Craterus was sent to lay siege to the city of Cyropolis while Alexander did the same to the city of the Memaceni. Both cities fell but not before Alexander lost some of his best men fighting the Memaceni and was himself knocked unconscious by a slingshot.

Once the two cities had fallen, Alexander sent a detachment to Maracanda, where Spitamenes had taken refuge, while he returned to the Tanais to build Alexandria Eschate in just seventeen days.

Chapter Seven
Scythia
At the start of the chapter, Curtius reiterates that Scythia north-of-the-Tanais is part of Europe, while south of the river, it is on Asian soil. He says, that the Scythians who live near Thrace belong to the Sarmatian tribe, while those who live ‘directly beyond the Ister’ (i.e. the Danube) are spread out as far as Bactra.

The Scythian people also live ‘quite far north, beyond which the land is covered with deep forests and endless wilderness’.

The reason for Curtius’ brief overview is that the Scythian king had decided Alexandria Eschate was too close for comfort and had sent his brother, Carthasis, to make war on the Macedonians. This was awkward for Alexander because he still had the revolt in the south to deal with.

There was no question of the Scythians not being confronted. If they weren’t, he told his officers during a war council, they - the Macedonians - would lose face to the Sogdians and Bactrians. If they did, and defeated the Scythian force ‘who then will hesitate to submit to us when we are also the conquerors of Europe?’

The meeting was not yet over when bad news came from Maracanda - Menedemus had been ambushed by Spitamenes and his detachment wiped out in a wood. The first Teutoburg.

Chapter Eight
God of the World
That night, Alexander pondered how best to conduct his assault against the Scythians. He had placed the royal tent on the banks of the Tanais so that he could open the flaps and observe the enemy on the other side of the river to make a count of their numbers. He did this through the night.

The next day, Scythian ambassadors arrived in the camp to try and dissuade Alexander from attacking them.

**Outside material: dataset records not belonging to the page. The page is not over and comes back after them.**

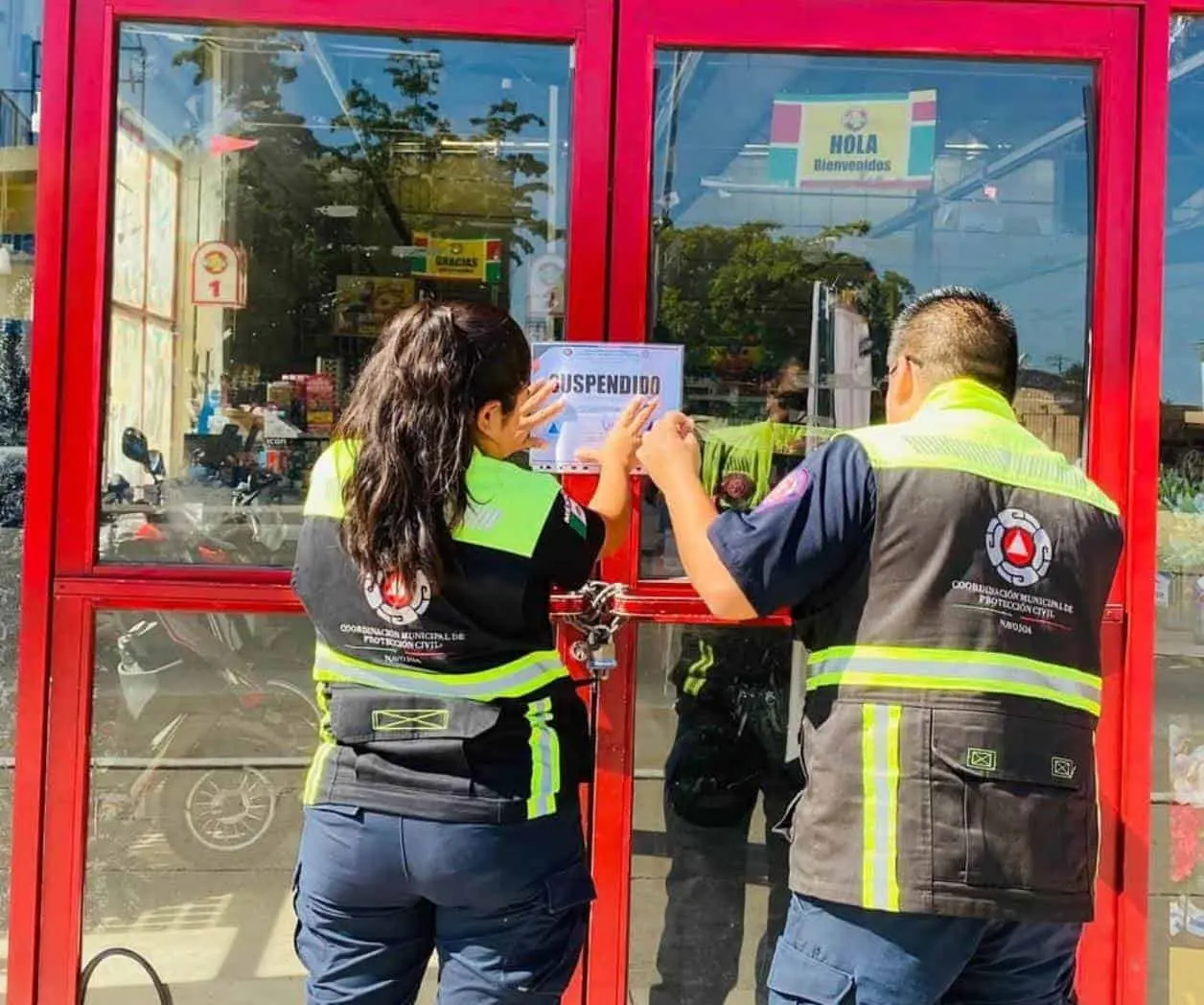 Cierra Protección Civil tiendas Waldos en Navojoa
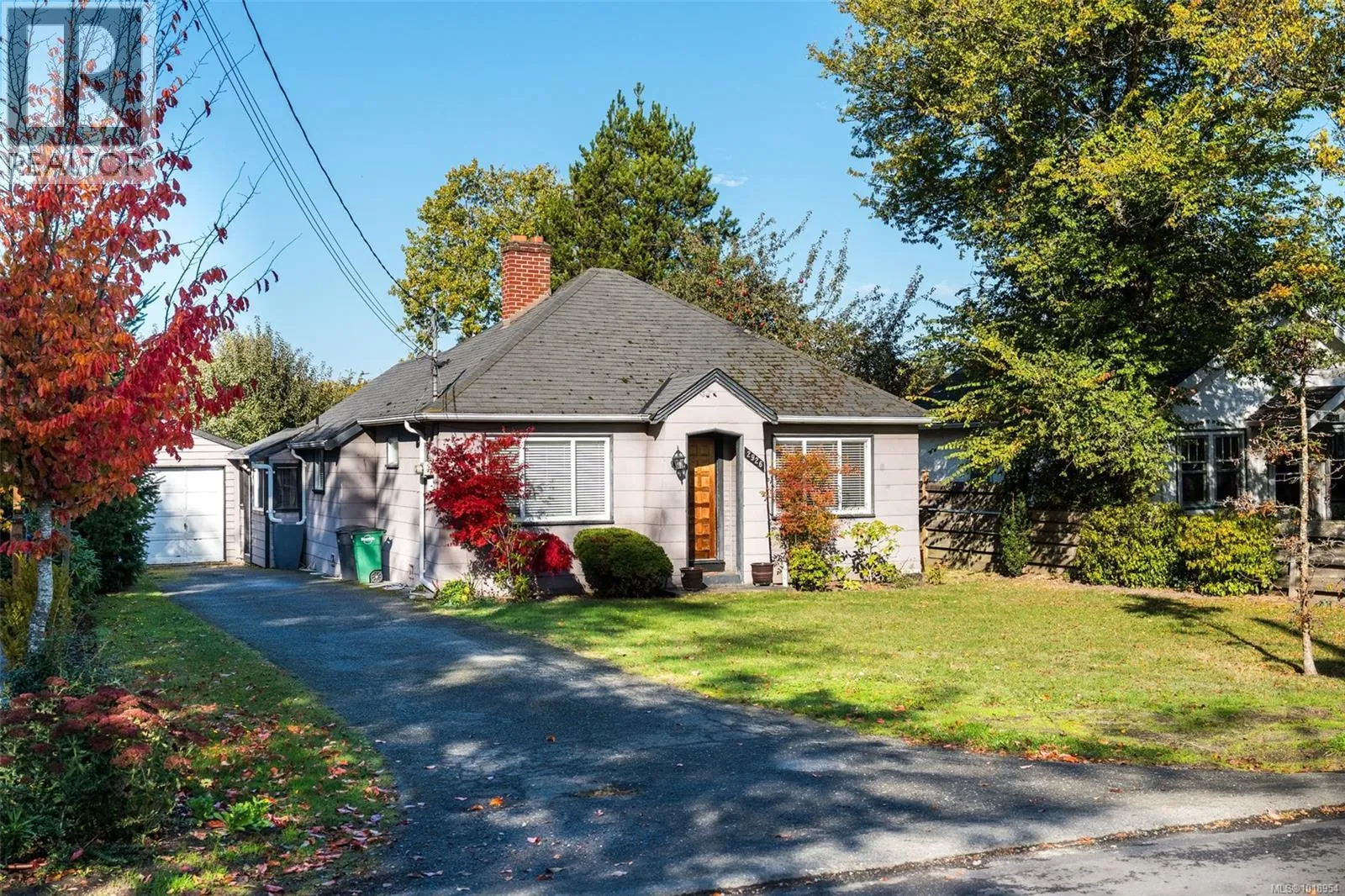 House for rent: 2926 Colquitz Ave, Saanich, British Columbia V9A 2M3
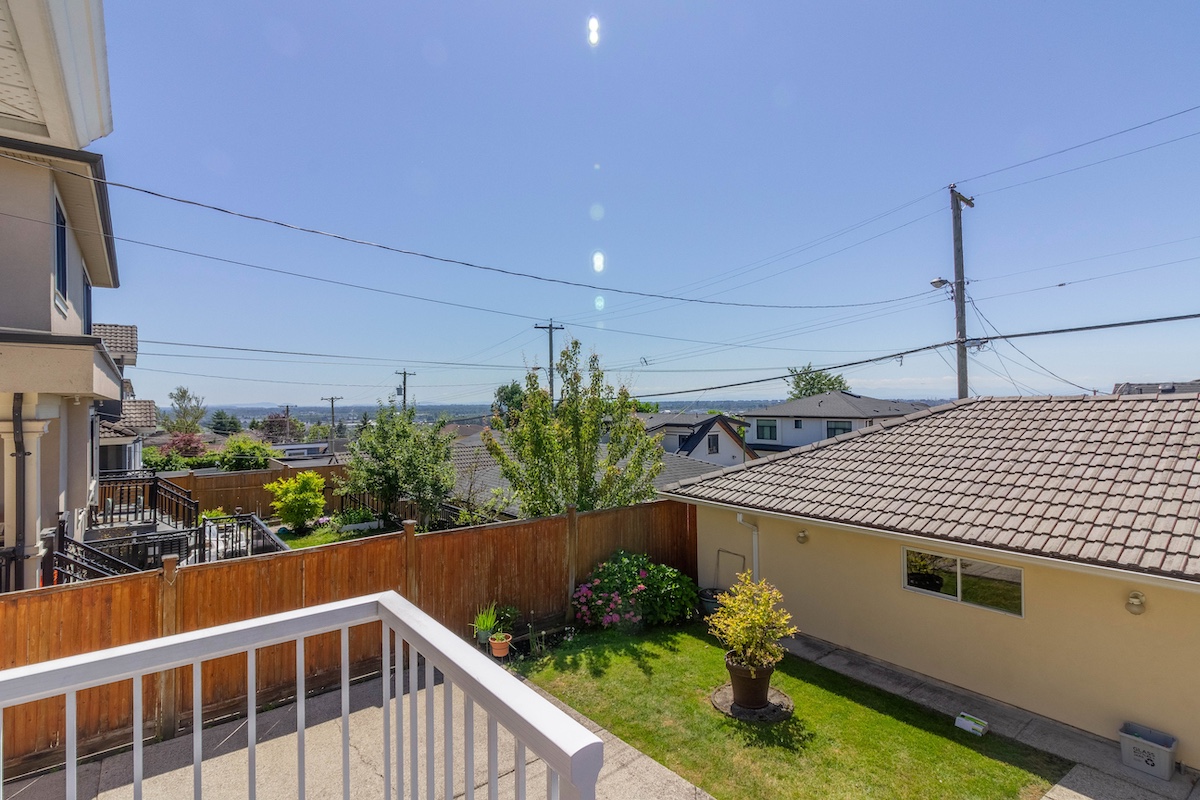 2006 QUALICUM DRIVE, VANCOUVER 13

‘Had the gods willed that your stature should match your greed the world could not hold you. You would touch the east with one hand and the west with the other, and reaching the west you would want to know where the mighty god’s light lay hidden.’

This sums up Alexander. He was very greedy - for glory - and had he had his way he would certainly have carried on fighting to the east and westernmost points of the world.

Chapter Nine
Dionysus Outdone
The ambassadors failed to persuade Alexander to desist. Once they had departed, the crossing of the Tanais began.

Despite the current of the river which made steering the rafts difficult, and the archers on the far side, the Macedonians made it to the banks where they engaged the Scythians.

As for the battle, the Scythians were put into disorder as soon as the Macedonians landed. They tried to flee only to be pursued. At some point, the Macedonian cavalry ‘crossed the bounds of Father Liber’ - Dionysus/Bacchus - ‘marked by stones set out at frequent intervals and by tall trees with ivy-covered trunks’. It seems Alexander was able to stay with the pursuit long enough to see the boundary stones before he was forced to turn back to camp by his recent injuries.

Back in camp, good news came from the south - the Sogdian and Bactrian revolt had collapsed. Victory over the Scythians had made the rebels see ‘that no race was a match for Macedonian arms’.

No doubt feeling well pleased with how things had turned out, Alexander thereafter made for Maracanda. There, he buried Menedemus and his men before going on to lay waste to the countryside and executing all ‘men of military age’ in the usual fashion.